Bugün savcılar tarafından kapısı çalınacağından korkanlar, Türkiyenin binlerce faili meçhul olayları nedeniyle uykusu kaçanlara empati yapsınlar. Bu bize sıra gelecek mi diyenler ekmeği ile oynayıp uykusunu kaçırdığı Anadolu çocuklarına yaptıkları zulmü hatırlayıp hukuk herkese lazım imiş demeliler.
Ergenekon örgütü soruşturmasına aşırı reaksiyon gösterenler bir psikoloji yasasını hatırlatıyorlar. Karıncaya tüfekle ateş etmek isteyenler genellikle Acting out savunma mekanizması ile hareket ederler.
Hatası ile yüzleşmek istemeyen kişi düşünmeden orantısız tepki vererek rahatlar. Güdümsüz saldırı, huysuzluk nöbetlere rastlanır. Kişiye hiç bir şey söylenmese bile yanlış duyum ve algılamaları olabilir.
Genellikle duyarlı ve dikkatinin arttığı konu açıldığında hukuk, adap gibi davranış kontrolü sistemleri devreden çıkar. Birden bağırmaya başlar terapiste bile yumruk atabilir.
Böyle durumlar da terapist Şayet çığlığınızı tutarsanız size nasıl yardımcı olabilirim? gibi zekice mücadele ederse kişi özeleştiri yapabilir.

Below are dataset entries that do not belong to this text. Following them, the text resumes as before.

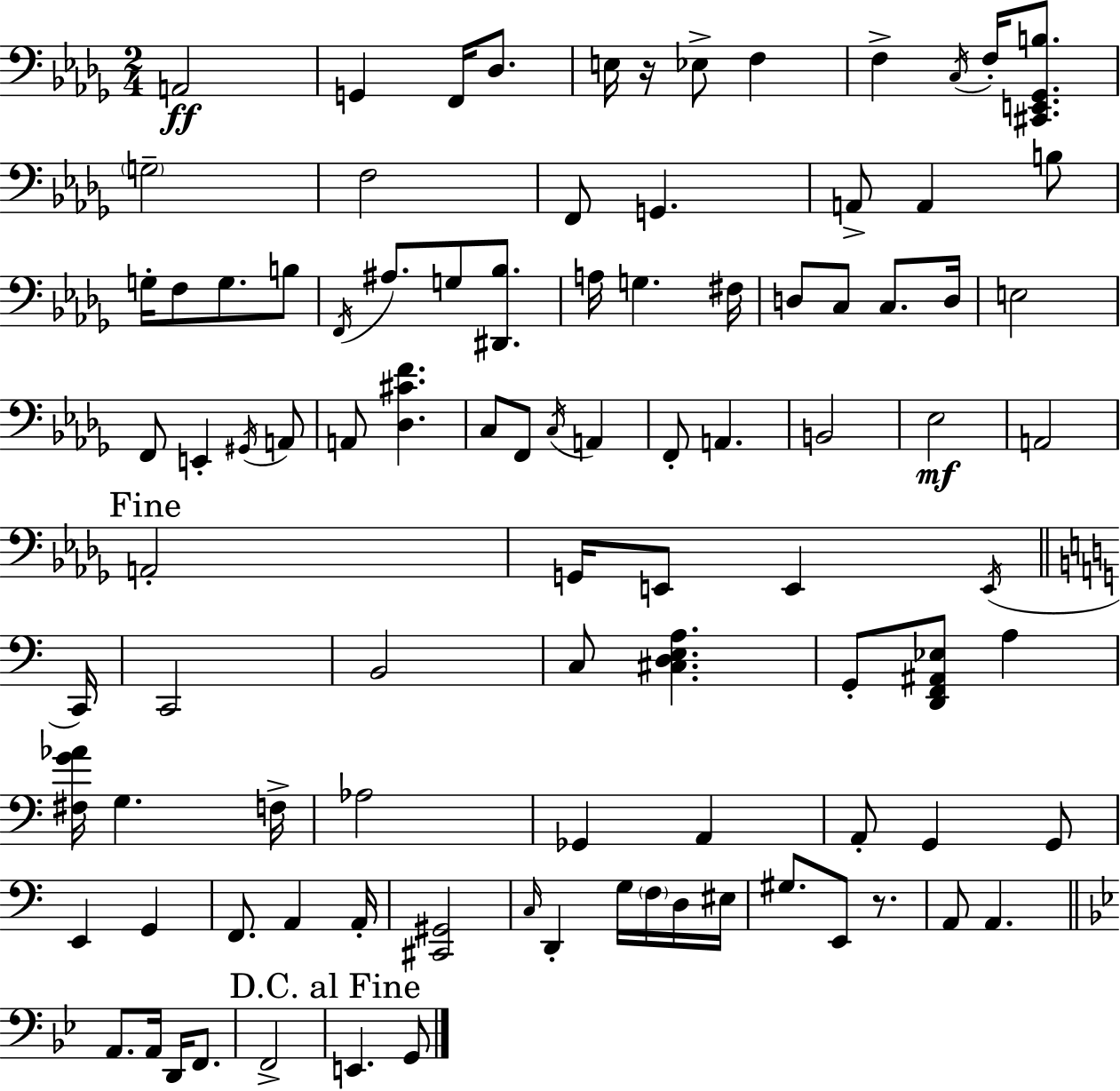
{
  \clef bass
  \numericTimeSignature
  \time 2/4
  \key bes \minor
  a,2\ff | g,4 f,16 des8. | e16 r16 ees8-> f4 | f4-> \acciaccatura { c16 } f16-. <cis, e, ges, b>8. | \break \parenthesize g2-- | f2 | f,8 g,4. | a,8-> a,4 b8 | \break g16-. f8 g8. b8 | \acciaccatura { f,16 } ais8. g8 <dis, bes>8. | a16 g4. | fis16 d8 c8 c8. | \break d16 e2 | f,8 e,4-. | \acciaccatura { gis,16 } a,8 a,8 <des cis' f'>4. | c8 f,8 \acciaccatura { c16 } | \break a,4 f,8-. a,4. | b,2 | ees2\mf | a,2 | \break \mark "Fine" a,2-. | g,16 e,8 e,4 | \acciaccatura { e,16 } \bar "||" \break \key a \minor c,16 c,2 | b,2 | c8 <cis d e a>4. | g,8-. <d, f, ais, ees>8 a4 | \break <fis g' aes'>16 g4. | f16-> aes2 | ges,4 a,4 | a,8-. g,4 g,8 | \break e,4 g,4 | f,8. a,4 | a,16-. <cis, gis,>2 | \grace { c16 } d,4-. g16 \parenthesize f16 | \break d16 eis16 gis8. e,8 r8. | a,8 a,4. | \bar "||" \break \key bes \major a,8. a,16 d,16 f,8. | f,2-> | \mark "D.C. al Fine" e,4. g,8 | \bar "|."
}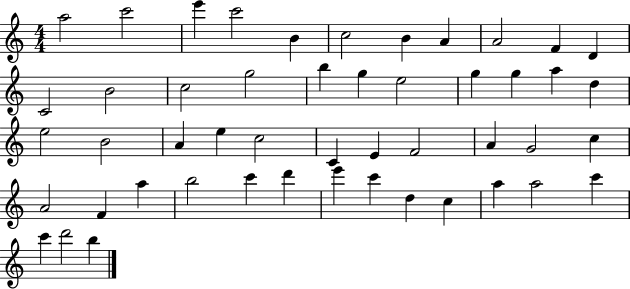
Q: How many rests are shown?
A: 0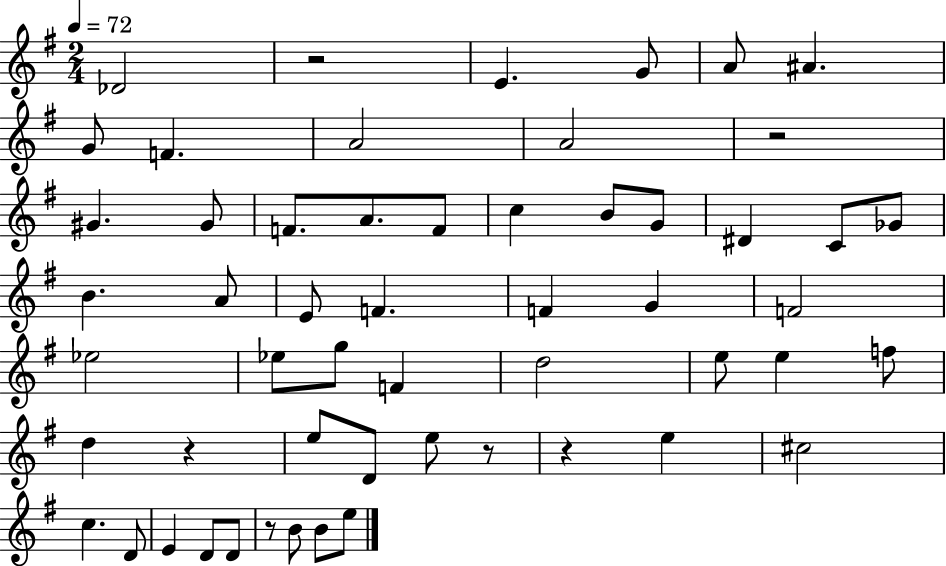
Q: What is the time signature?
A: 2/4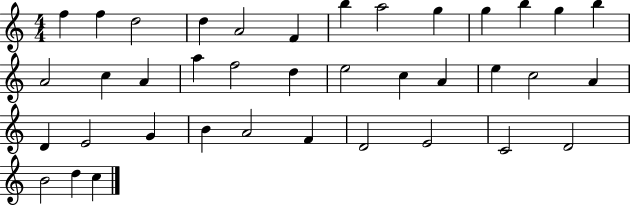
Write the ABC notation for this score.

X:1
T:Untitled
M:4/4
L:1/4
K:C
f f d2 d A2 F b a2 g g b g b A2 c A a f2 d e2 c A e c2 A D E2 G B A2 F D2 E2 C2 D2 B2 d c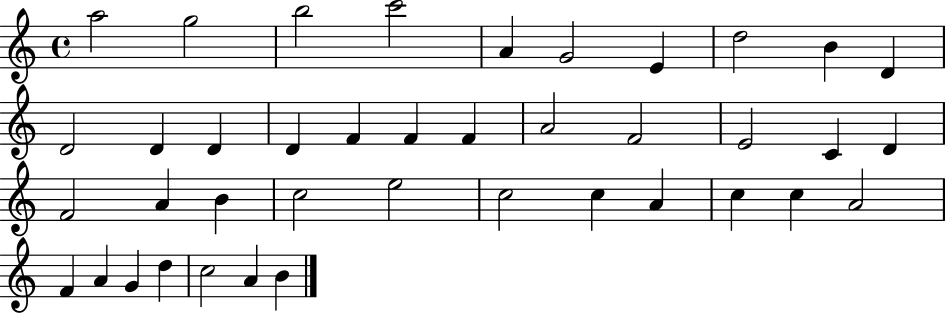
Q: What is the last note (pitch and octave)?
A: B4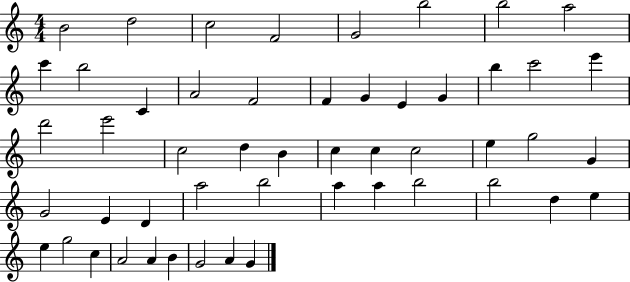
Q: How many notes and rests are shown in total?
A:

Bağırmaya devam ederseniz bırakalımın siyasetteki karşılığı bağırmaya devam ederseniz halkın hakemliğine gidelim olmalıdır.
Huysuzluk nöbeti geçirenlerle zekice mücadele edecek, blöfü görecek, şantaja boyun eğmeyecek ve insanları öfkelenmeye değil düşünmeye sevk edecek politikalara her zamankinden daha çok ihtiyacımız var.